Friday, April 27, 2007

A Tale of Two Economies

US first quarter GDP figures came out today. Their economy grew by an annualised equivalent of 1.3% in the first quarter (i.e. a growth of 0.323% during the first three months of the year). At the same time Core US inflation (i.e. excluding energy and food) rose to 2.2%, while the GDP deflator increased to 4%, the highest in 16 years.

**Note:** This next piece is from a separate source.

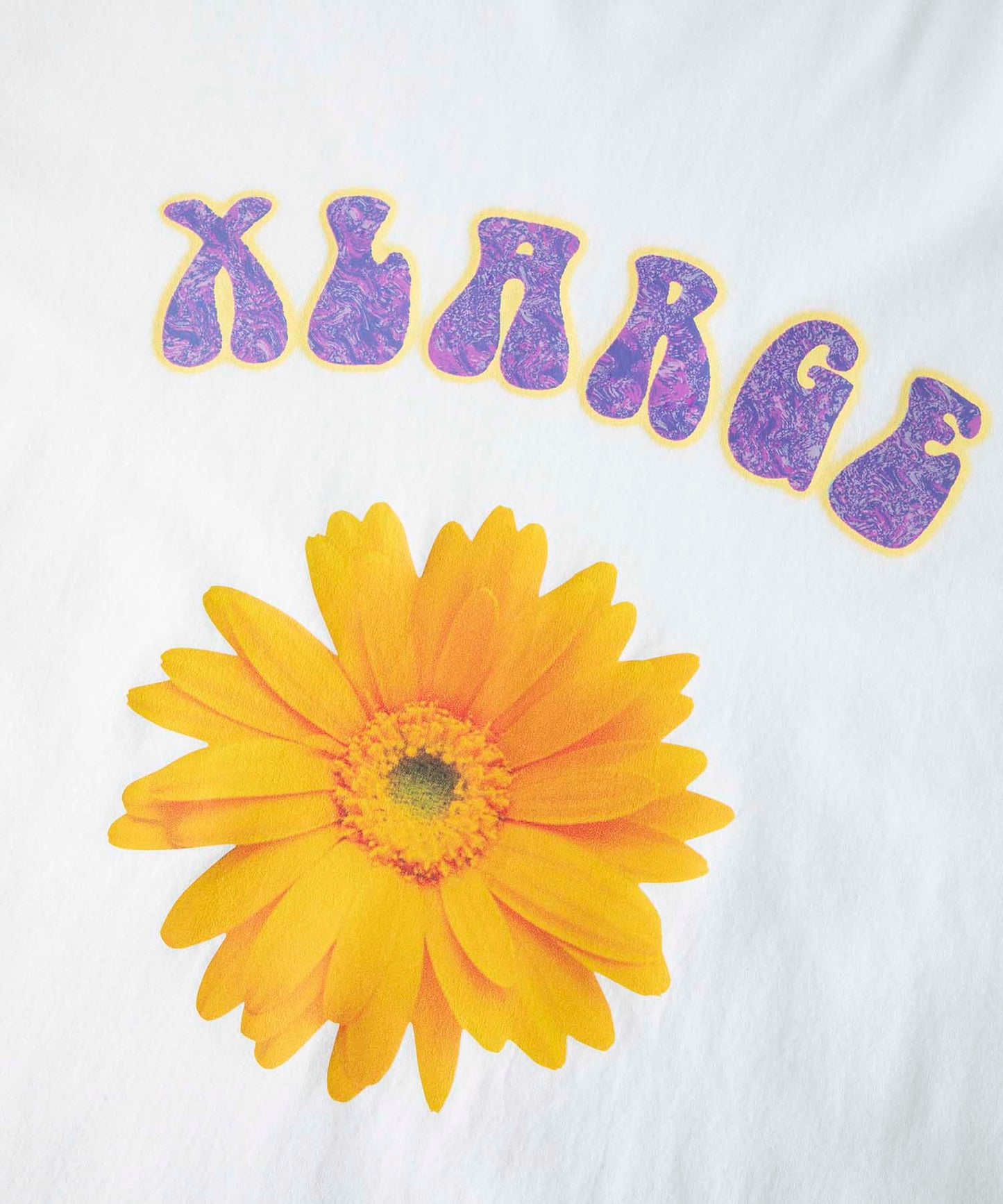 L/S TEE FLOWER T-SHIRT XLARGE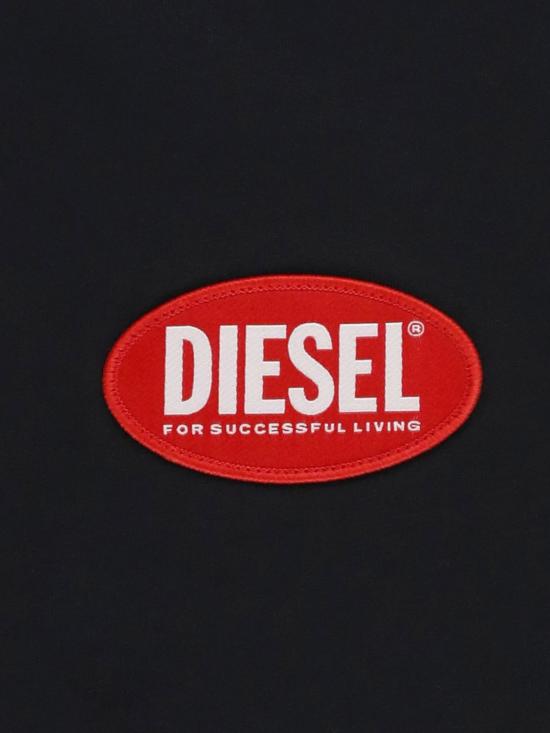 26SS [키즈] 디젤 티셔츠 J02469KYAUN K900 Black - DIESEL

All of which leaves the Fed in a very uncomfortable situation. Unlike the BoE, the Fed has twin goals - to keep growth going and to keep inflation low. The need to keep inflation low usually trumps keeping growth going (as it is hard to rein in once it has started), which means the Fed will probably opt to keep their interest rates where they are, rather than cut as the markets anticipated last year. How a slowing US will fare with interest rates staying pat is anyone's guess. There's much chatter at the moment about why it doesn't matter, because pundits believe that the world economy has decoupled from the US one. But the US economy is not only very very large (a $12 trillion economy), much of the world (especially Asia) is dependant on it. It's hard to see a slowdown in such a large chunk of the world's economy not affecting the rest.

In the UK meanwhile, first quarter growth came out at 0.7% (or 2.8% annualised equivalent) - about double the US rate. Our headline CPI (including energy and food) came out at 3.1%.

Energy costs look like they will come down though. Two months ago British Gas announced it would cut gas prices by 17 per cent and electricity prices by 11 per cent. Yesterday it said it would cut electricity prices by a further 6 per cent, and gas prices by a further 3 per cent, with immediate effect. EDF today announced they would be cutting too. Of the big six energy companies, only Scottish Power has not announced a cut. However, Scottish Power did say that it's customers "could expect good news soon".

All of this should start to cut the CPI. I expect the BoE will still raise rates to 5.5% in May to demonstrate that they take inflation-fighting seriously. But they will at the same time be keeping a worried eye on the Americans.